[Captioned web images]

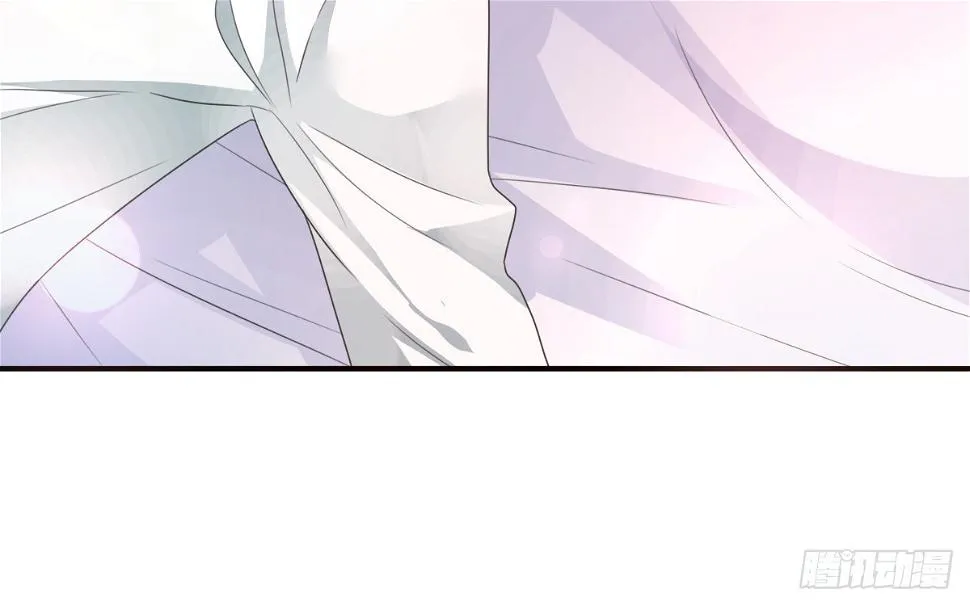 第153话 第15页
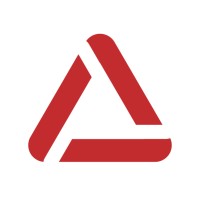 Hellman Dynamic AB logo - Similar company to Armative Studios Gmbh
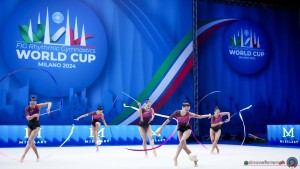 poland pol sfe07475 copia simone ferraro ph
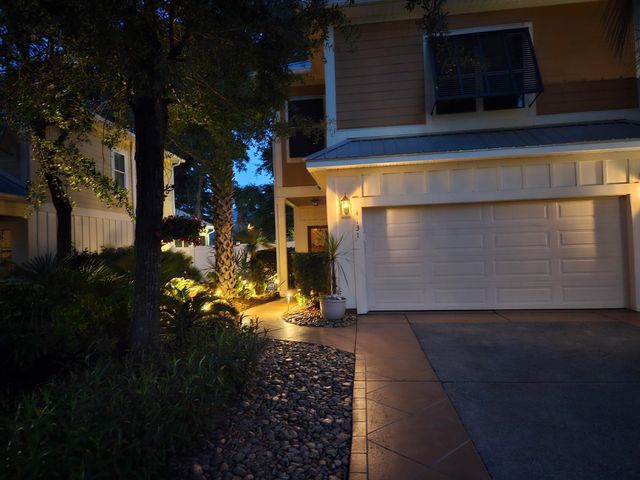 4131 Murrells Inlet Rd., Murrells Inlet, SC 29576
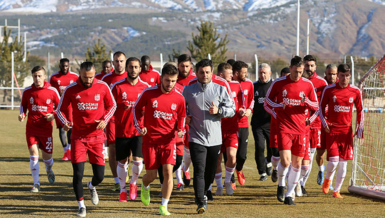 Yiğidolar hiç boş geçmiyor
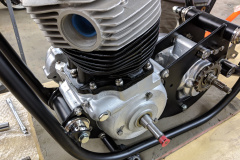 Oscar-Toga-1970-Norton-Motorcycle-203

● Your task
Here the lines from the one with "poland pol sfe07475 copia simone ferraro ph" through the last line of the data above need to be repeated exactly, both included, and any picture omitted.

● Written response
 poland pol sfe07475 copia simone ferraro ph
 4131 Murrells Inlet Rd., Murrells Inlet, SC 29576
 Yiğidolar hiç boş geçmiyor
 Oscar-Toga-1970-Norton-Motorcycle-203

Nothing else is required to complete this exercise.